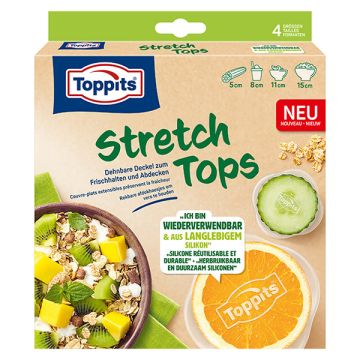 Toppits Stretch Tops | 4 stuks | 5 - 15 cm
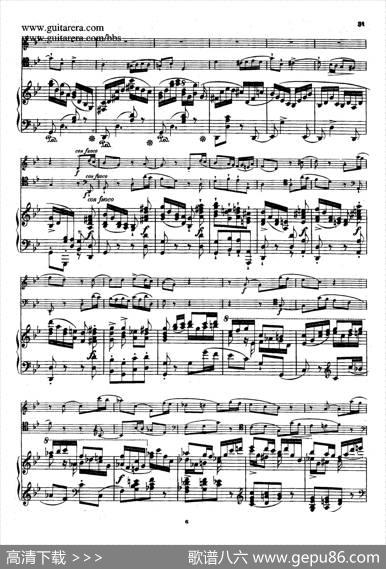 PianoTrioingMinorOp.8（g小调钢琴三重奏）|肖邦-chopin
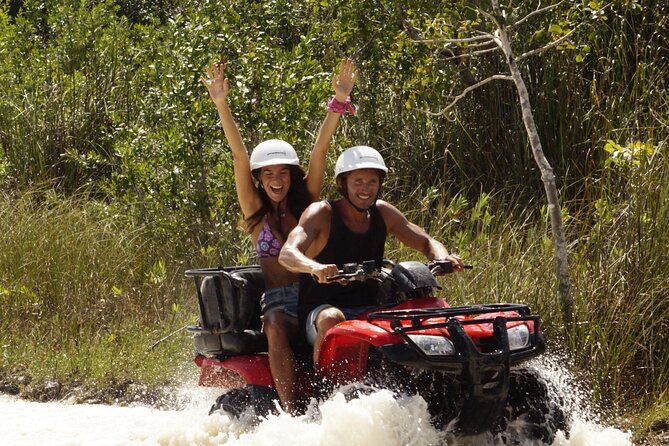 ATV and Clear Boat Ride Full Experience in Cozumel - The tequila stop, useful lesson with a sales warning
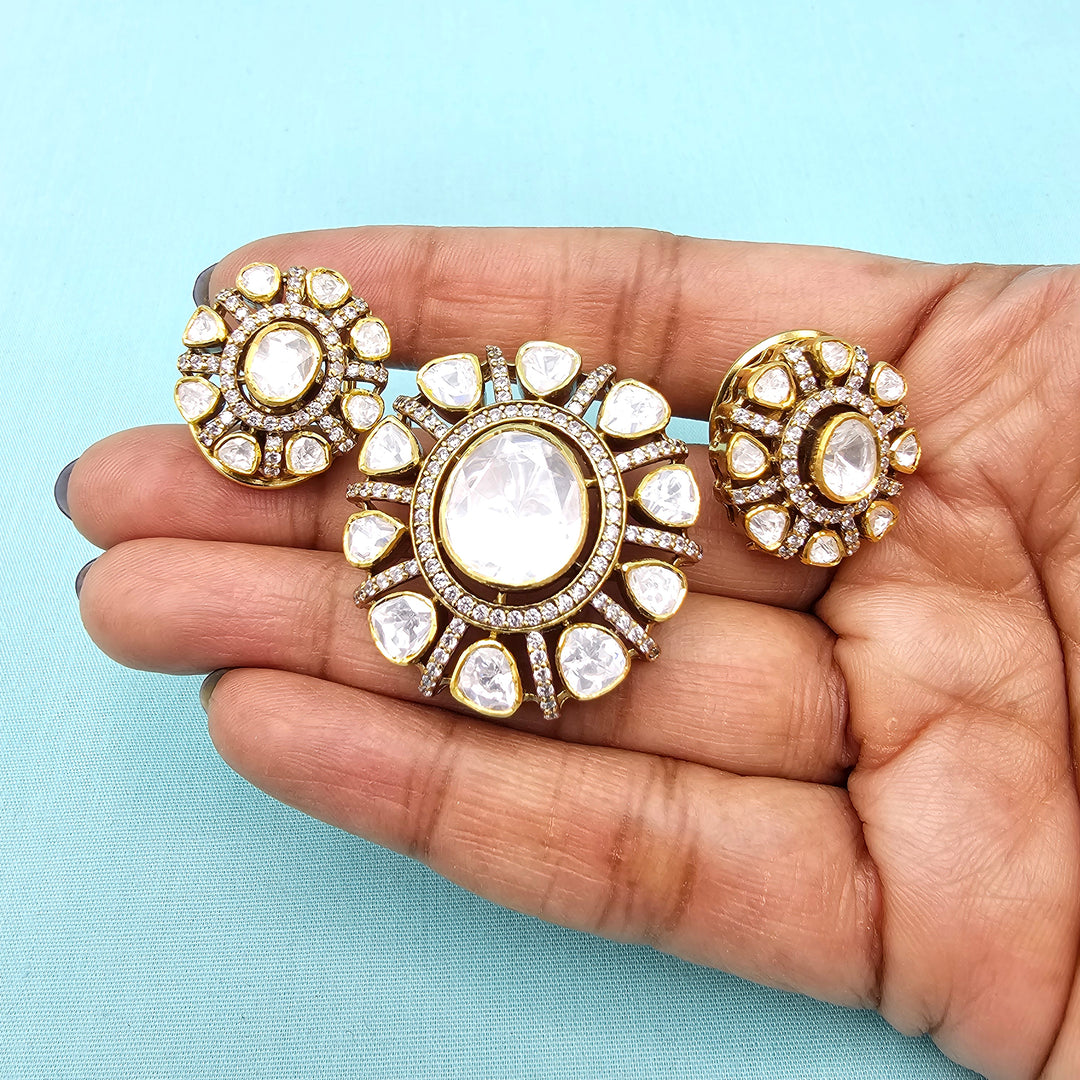 Moissanite Pendant set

· · · ·

- About this task:
Please write out all of the material above without changing a word, and omit any pictures.

- Answer section:
 Toppits Stretch Tops | 4 stuks | 5 - 15 cm
 PianoTrioingMinorOp.8（g小调钢琴三重奏）|肖邦-chopin
 ATV and Clear Boat Ride Full Experience in Cozumel - The tequila stop, useful lesson with a sales warning
 Moissanite Pendant set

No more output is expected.